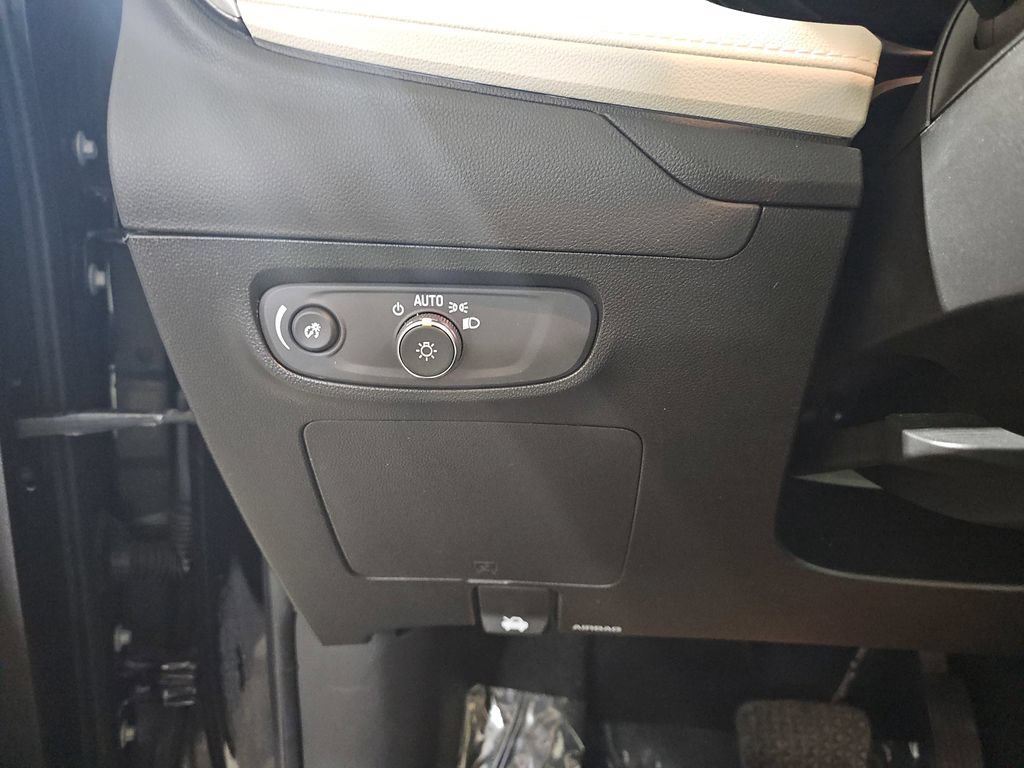 Certified 2024 Buick Encore GX Avenir w/ Avenir Convenience Package FWD image 31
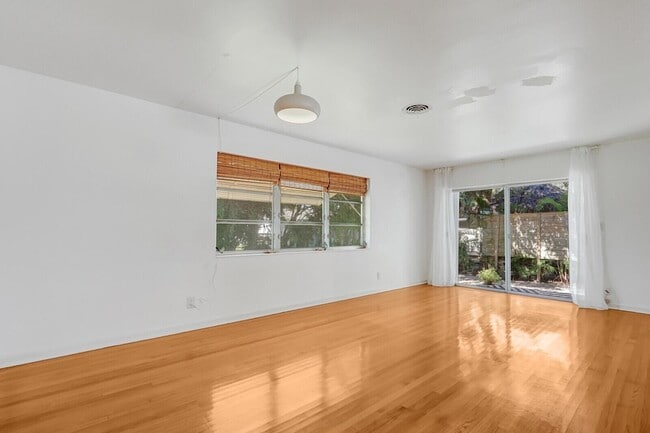 Photo - 1952 Circle Dr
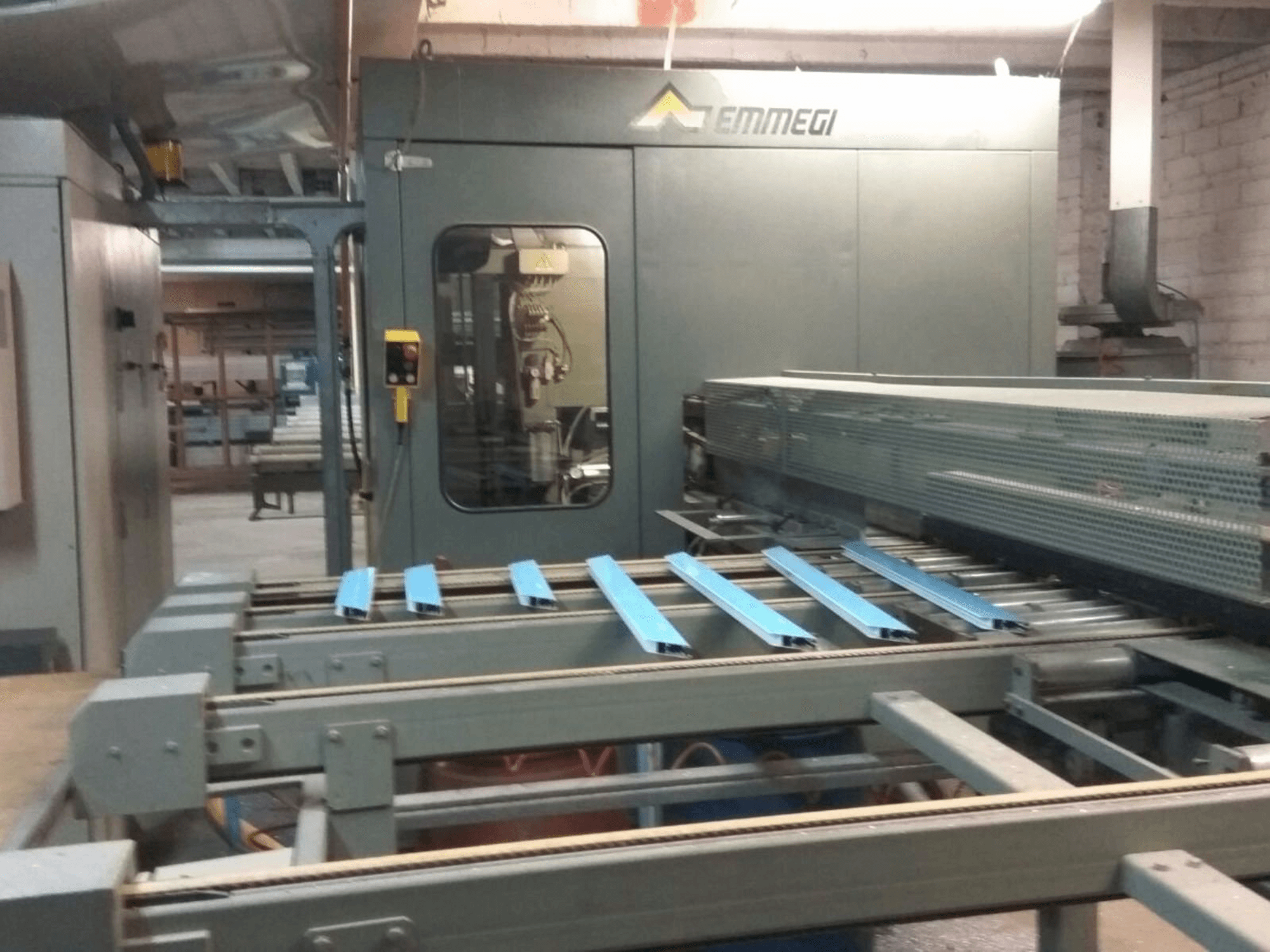 A Emmegi Quadra gép elölnézete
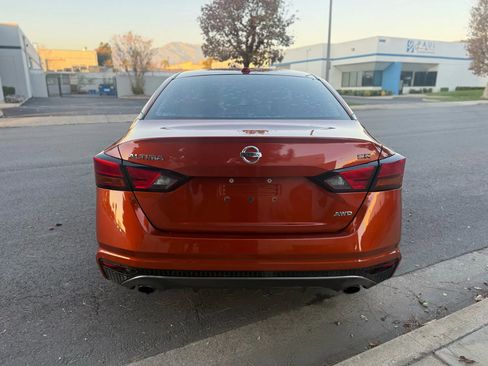 Used 2019 Nissan Altima 2.5 SR w/ SR Premium Package image 5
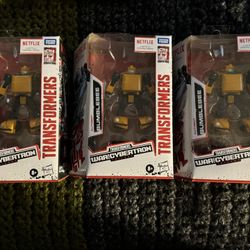 Netflix:Bumblebee Figures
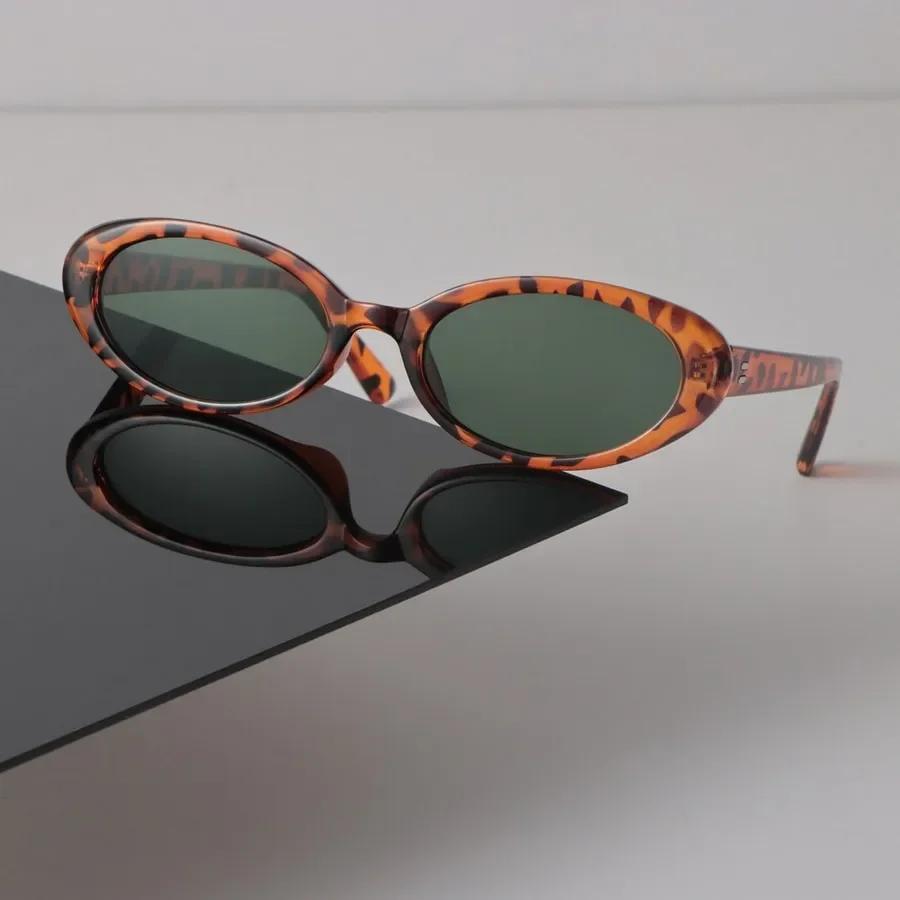 Classic Cat Eye Sunglasses Women Men Retro Fashion Brand Designer Glasses Stylish Casual Female Male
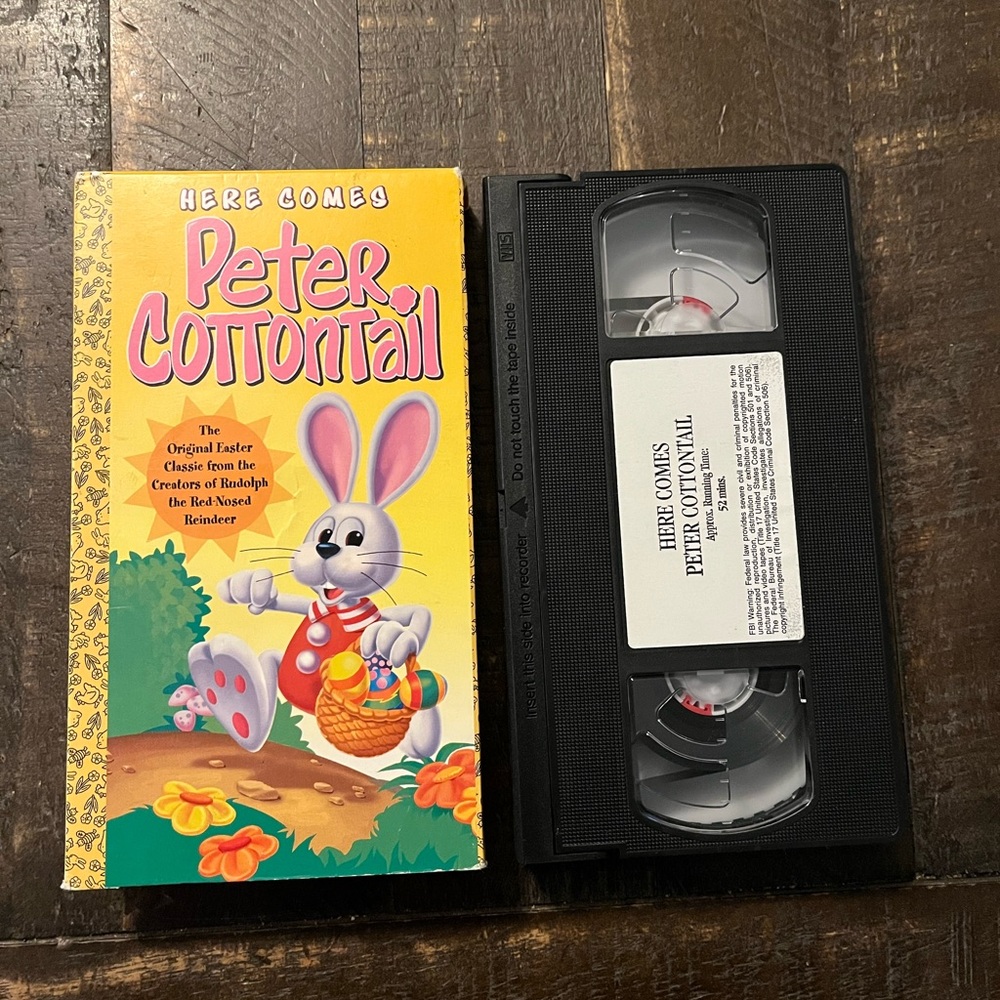 Vintage Here Comes Peter Cottontail VHS - Golden Books Edition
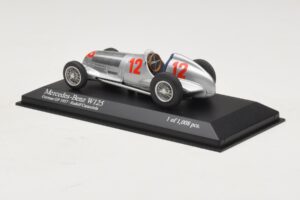 Mercedes W125 R. Caracciola German GP 1937 Minichamps 1:43 400370012 Metall — Bild 3 von 3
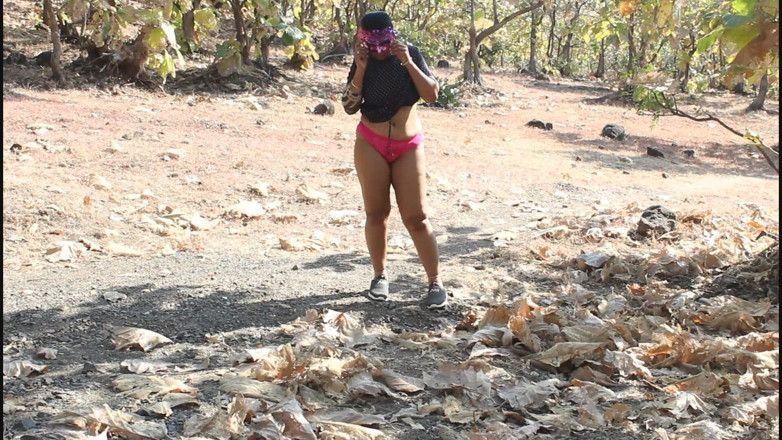 Indian Bhabhi: L'audace fantasia esibizionista nella foresta di desi Bhabhi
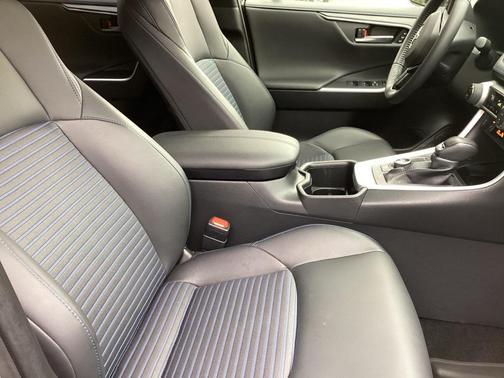 2025 Toyota RAV4 Hybrid SE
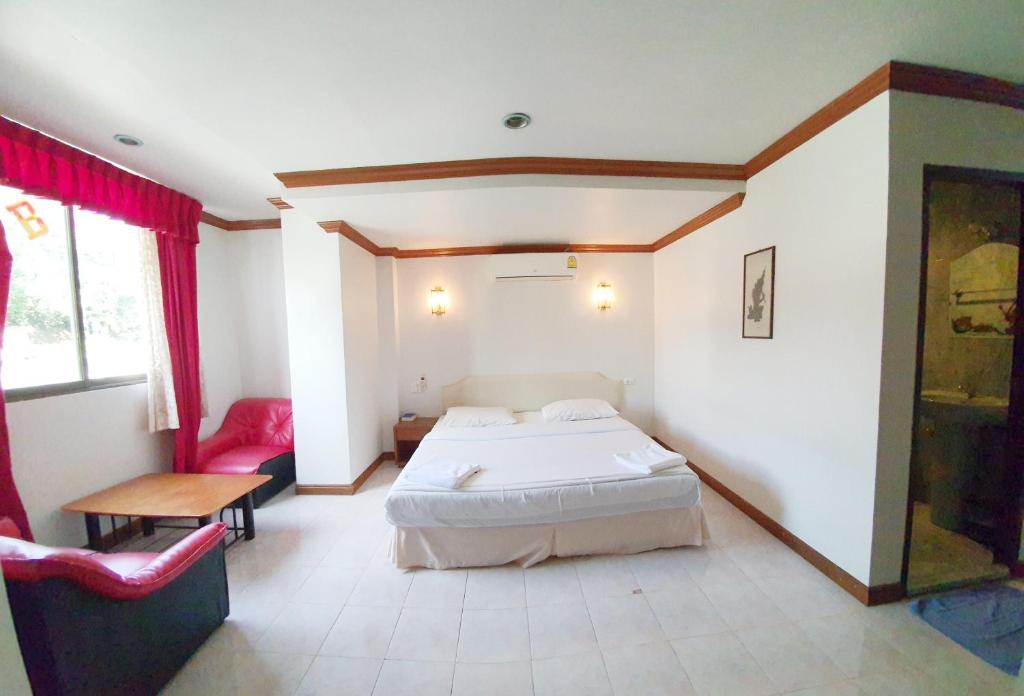 Gallery image of Break Point Hotel in Patong Beach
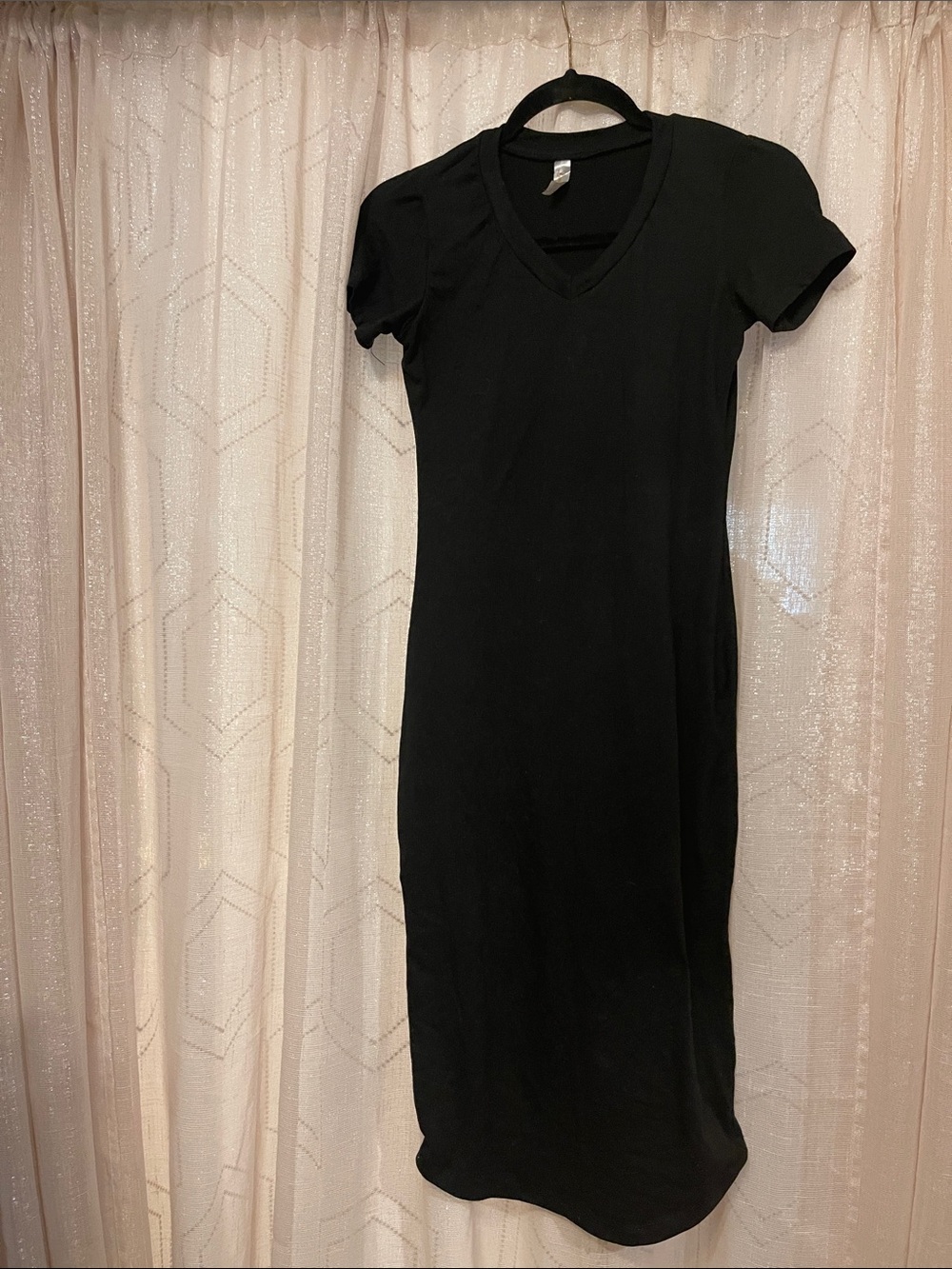 Love Nation Black V-Neck Short Sleeve Midi Dress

_What the task asks:_ From the line containing "Used 2019 Nissan" down to the last line of the records above, repeat every line exactly and nothing else, dropping any pictures.

_Task solution:_
 Used 2019 Nissan Altima 2.5 SR w/ SR Premium Package image 5
 Netflix:Bumblebee Figures
 Classic Cat Eye Sunglasses Women Men Retro Fashion Brand Designer Glasses Stylish Casual Female Male
 Vintage Here Comes Peter Cottontail VHS - Golden Books Edition
 Mercedes W125 R. Caracciola German GP 1937 Minichamps 1:43 400370012 Metall — Bild 3 von 3
 Indian Bhabhi: L'audace fantasia esibizionista nella foresta di desi Bhabhi
 2025 Toyota RAV4 Hybrid SE
 Gallery image of Break Point Hotel in Patong Beach
 Love Nation Black V-Neck Short Sleeve Midi Dress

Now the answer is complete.